Before Knutson came on board, the EDC had done a couple of things to recruit business and had gotten involved with policy issues through its Land Use Committee, but nothing with the breadth of the new five-year plan, said Shockey, who has been involved with the EDC since the 1980s.

“I think Deborah felt that if we were going to be a true leader in economic development, we had to gear up the staff and programs and concentrate on a few objectives: to increase the image of the county as a good place to do quality economic development and to work with educational folks in the county to make sure that in recruiting new businesses, we could offer a work force to those businesses,” Shockey said.

The economic boom down south also spurred the EDC, Shockey said.

“We keep reading and hearing about how well downtown Seattle is doing in attracting high-tech businesses, bio-med businesses,” he said. “We see a lot of new investment and redevelopment such as Belltown, where people are investing significant dollars to put up quality buildings to attract businesses. ... But we also know it’s running out of space.

“Deborah ... and the board looked at that situation and said, ‘Why not us?’ Instead of just conceding quality growth to Pierce County and Tacoma, if we can just grab 25 percent, the effect will be better-looking communities and employment for residents,” Shockey said.

About a year ago, the EDC hired Denver-based consultant R&M Resource Development to survey county businesses about the proposed initiative to aggressively pursue high-tech businesses.

“Once they completed the survey, we hired them to sell the program — to get the checks,” Shockey said. “I attended a whole lot of meetings with Deborah and R&M. R&M laid out the facts and numbers, and between Deborah and I, we explained in local language what the benefit would be.”

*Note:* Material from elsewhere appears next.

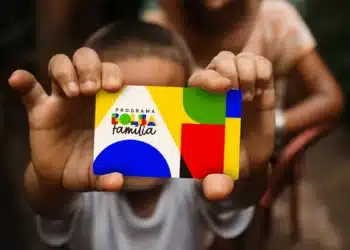 Mão de criança segurando cartão colorido do Programa Bolsa Família com formas geométricas coloridas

For the private sector, that meant discussing job creation and the “multiplier effect” that would have on the economy, Shockey said. For the public sector, it was quality-of-life issues, such as “getting people off I-5” and “home at night a half-hour after work instead of two hours after work.”

One benefit that wasn’t written into the initiative but is happening as a result, is a growing relationship between the EDC and groups that in the past were opposed to growth, Shockey said.

Through meetings with such groups, the EDC has listened to skepticism and worries, and voiced its own goals.

“I’ve been in some of those meetings,” Shockey said, “and the first couple of meetings were very tense, where the one side wasn’t at the point where they could trust the other side. And that trust is building, and it’s going to be good for the citizens of Snohomish County.”

Because like it or not, “you can’t slow growth down on a wish,” he said. “We are going to grow as a county, the growth-management plan has told us that.”

The trick is to do it right.

“‘Smart’ growth, as a concept, I think is a wonderful idea, and as chair of the EDC, I’m going to do my part to make that happen,” Shockey said.

As part of the initiative, the EDC will report regularly on the program’s progress — to investors, participants, partners and the general public. And when December rolls around, Shockey knows what he’d like to report at the EDC’s annual meeting.

“I want to stand before the group ... and say, ‘We want to show you what’s happened over the past year and show you how some of these jobs that we know have come to Snohomish County were a direct result of the initiative,’ ” Shockey said about the 500 to 750 new jobs he expects in that time.

“And I really want to show the community that the EDC was a leader in developing not only quantity of jobs but quality of jobs.”